━━ Record excerpts ━━

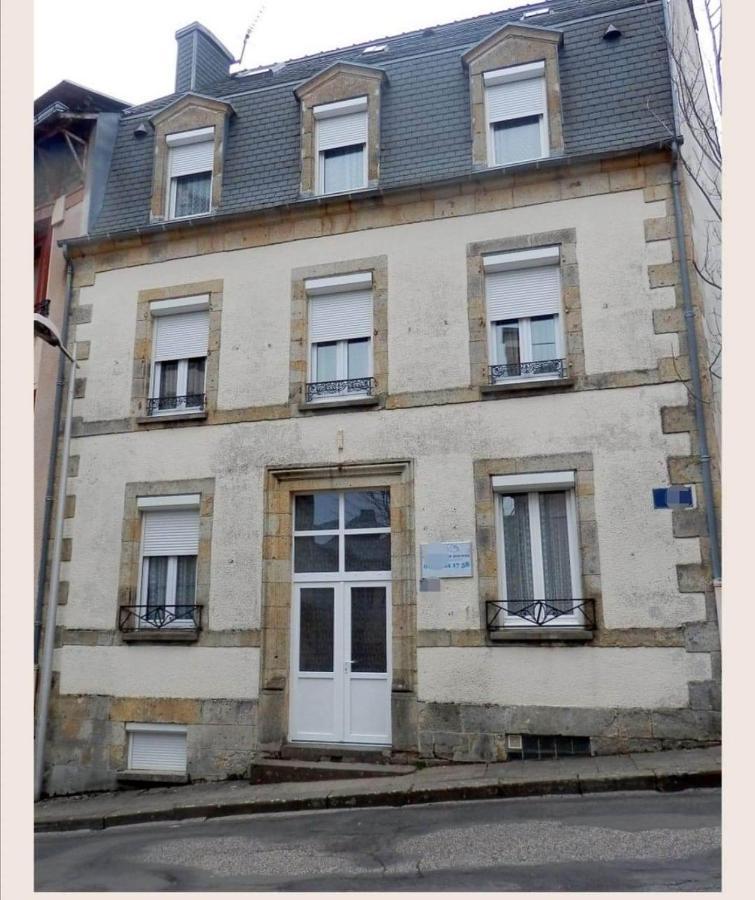 Апартаменты Le Nid Douillet Rustique Linge Fourni Ла-Бурбуль Экстерьер фото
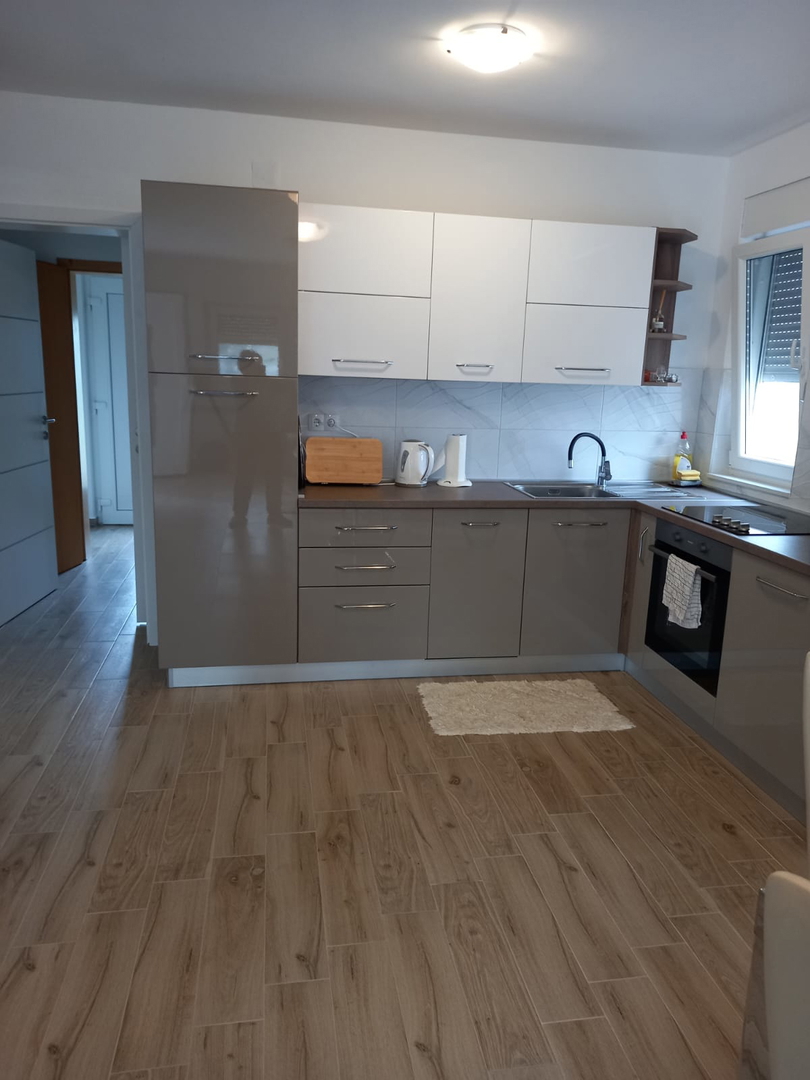 Vir, nuova casa con due appartamenti (188m2), 300 metri dalla spiaggia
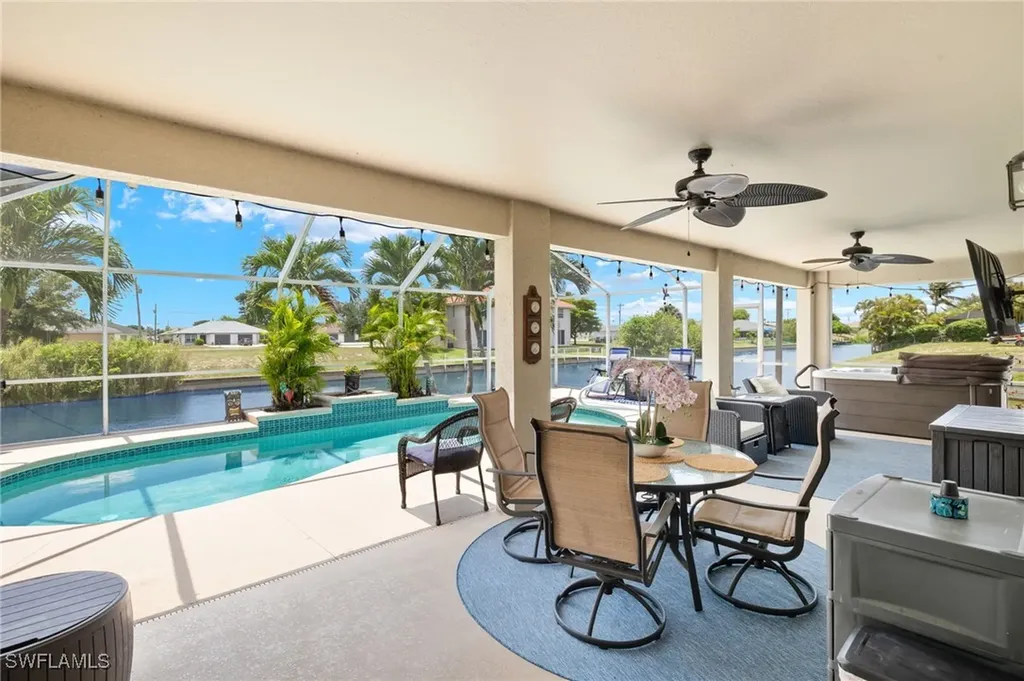 302 SE 8th Place Cape Coral FL 33990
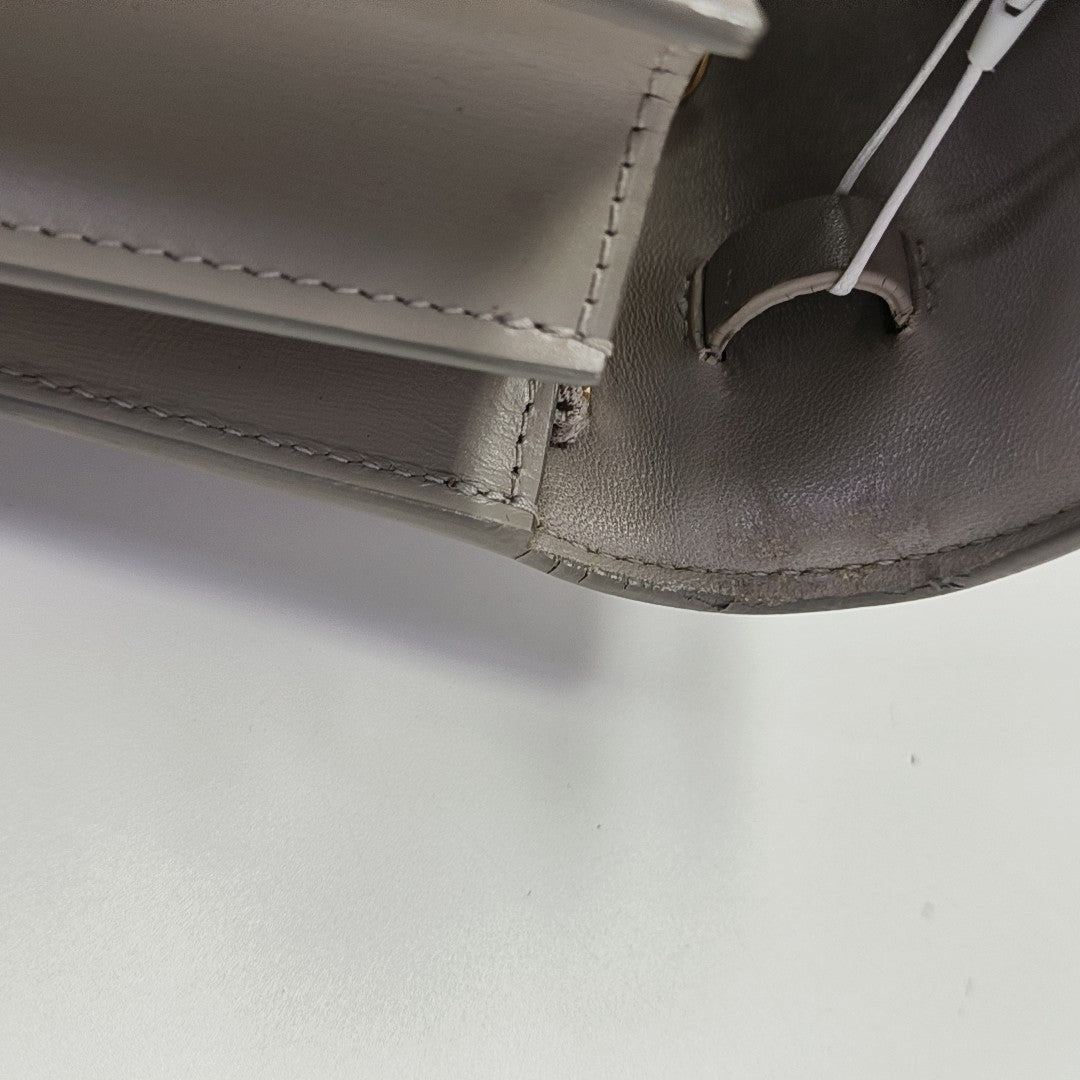 CLASSIC BOX Medium Calfskin Gray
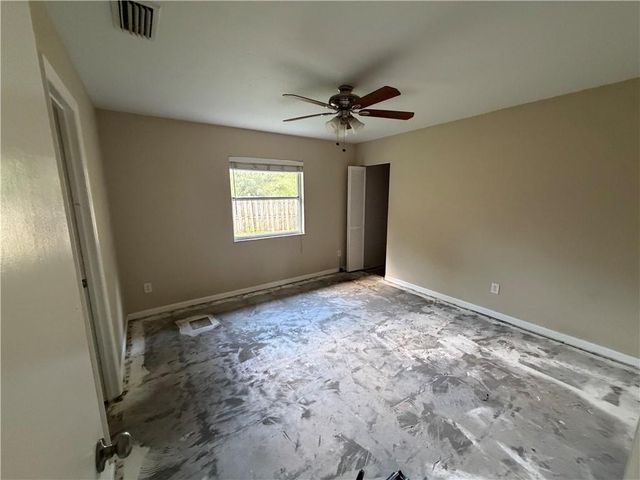 6526 4th St, Vero Beach, FL 32968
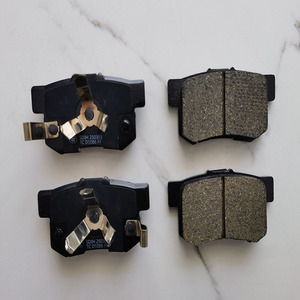 Piezas de alto rendimiento, piezas de coche, pastillas de freno traseras de cerámica de alta calidad D1086 43022S9A010 06430S9A010 para <span class=keywords><strong>Honda</strong></span> <span class=keywords><strong>CRV</strong></span> <span class=keywords><strong>2004</strong></span> - Product Image 3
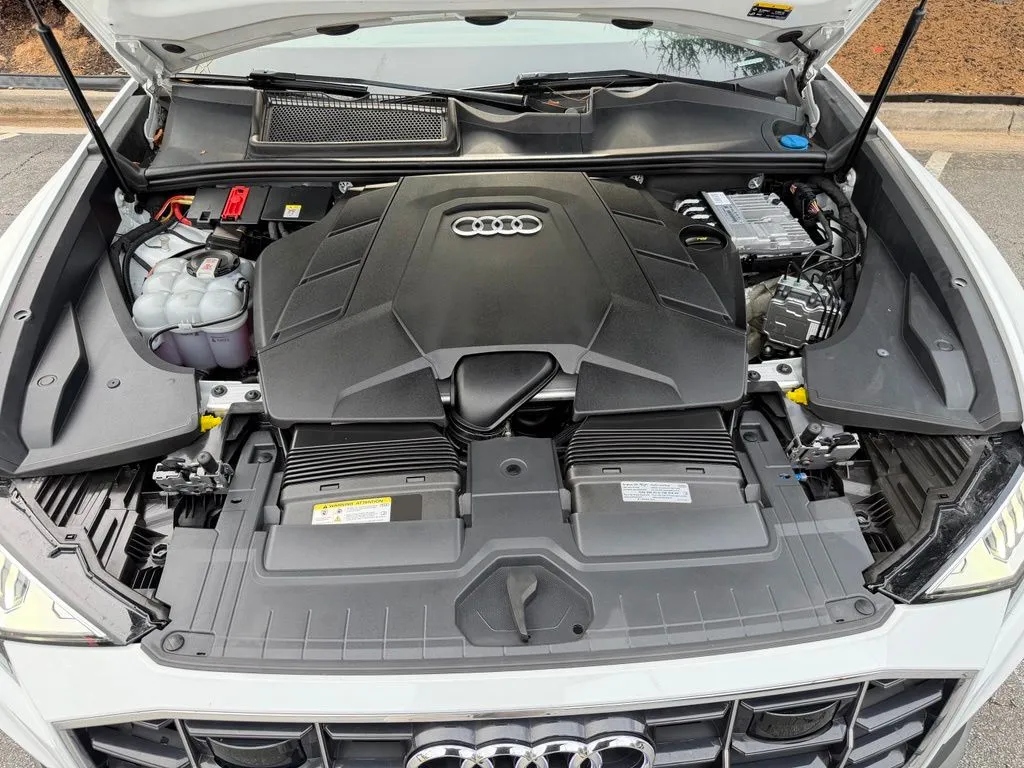 Audi Q8 photo 6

━━━

_How to complete this task_
Your job is to copy each entry exactly as written; the pictures do not go in.

_Exercise result_
 Апартаменты Le Nid Douillet Rustique Linge Fourni Ла-Бурбуль Экстерьер фото
 Vir, nuova casa con due appartamenti (188m2), 300 metri dalla spiaggia
 302 SE 8th Place Cape Coral FL 33990
 CLASSIC BOX Medium Calfskin Gray
 6526 4th St, Vero Beach, FL 32968
 Piezas de alto rendimiento, piezas de coche, pastillas de freno traseras de cerámica de alta calidad D1086 43022S9A010 06430S9A010 para <span class=keywords><strong>Honda</strong></span> <span class=keywords><strong>CRV</strong></span> <span class=keywords><strong>2004</strong></span> - Product Image 3
 Audi Q8 photo 6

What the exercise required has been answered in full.